The problem is Bonds. He's like the one creature in the horror film that's still in the basement, still coming at you. He is close to Babe Ruth's home-run mark. Within reach of Henry Aaron's all-time position. And even if he's clean now, how many of those home runs he piled up would have been fly balls without the added muscle from an alleged syringe, cream or liquid?


And what is baseball — a game that celebrates records and numbers like no other — supposed to do with him? Deny him the chance? Pretend it's not happening? Make him wear a scarlet asterisk?

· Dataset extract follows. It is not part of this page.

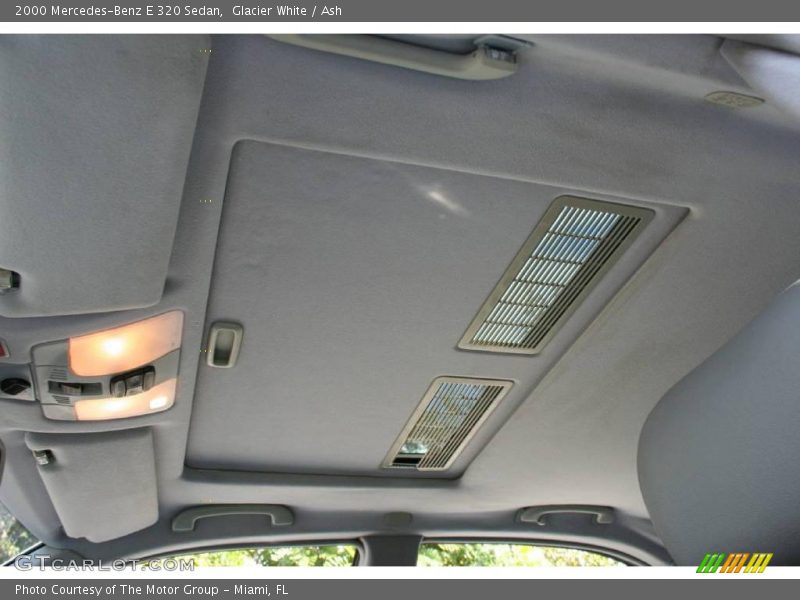 Glacier White / Ash 2000 Mercedes-Benz E 320 Sedan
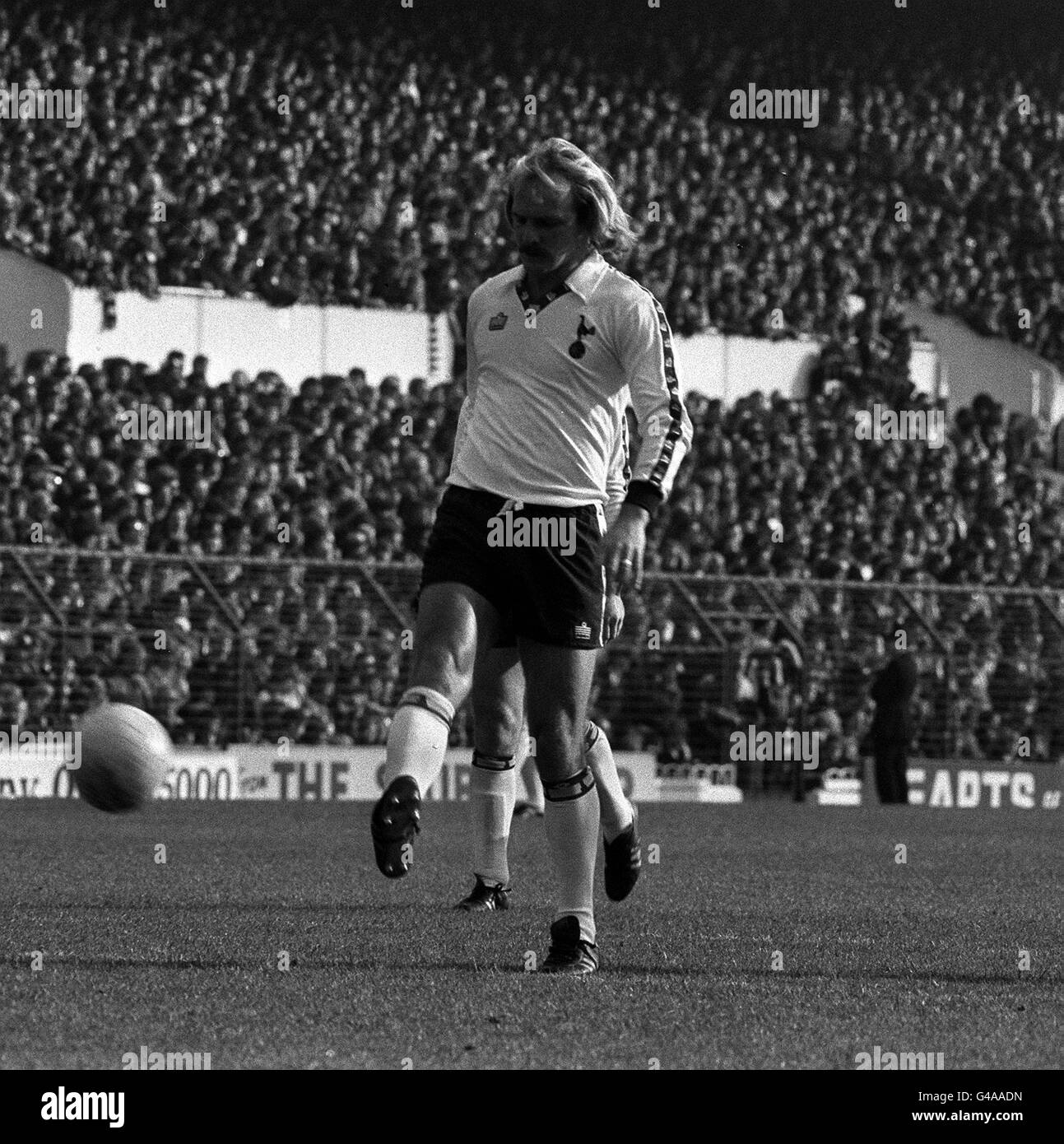 Terry yorath hires stock photography and images Alamy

Personally, I feel sorry for Selig, whose biggest crime was naivete. He actually believed players didn't use this stuff. He didn't demand testing, his managers didn't want to know, his business partners were content so long as the cash registers were ringing.


Now, he has no choice but to conduct an investigation that is bound to be more gums than teeth. He's left to turn back the calendar, to explore allegations without test results, to wonder if it ends with this group or if more should be scrutinized, and to further expose grand jury testimony that was supposed to be confidential.


For what? At best, to go on the record with something that most Americans already assume is true. Men cheated. It's a lot of work. It will never be enough. It will involve documents, media leaks, rumors.


Just thinking about it gives you a headache. No wonder fans aren't thrilled about the new baseball season. A headache we can get on our own.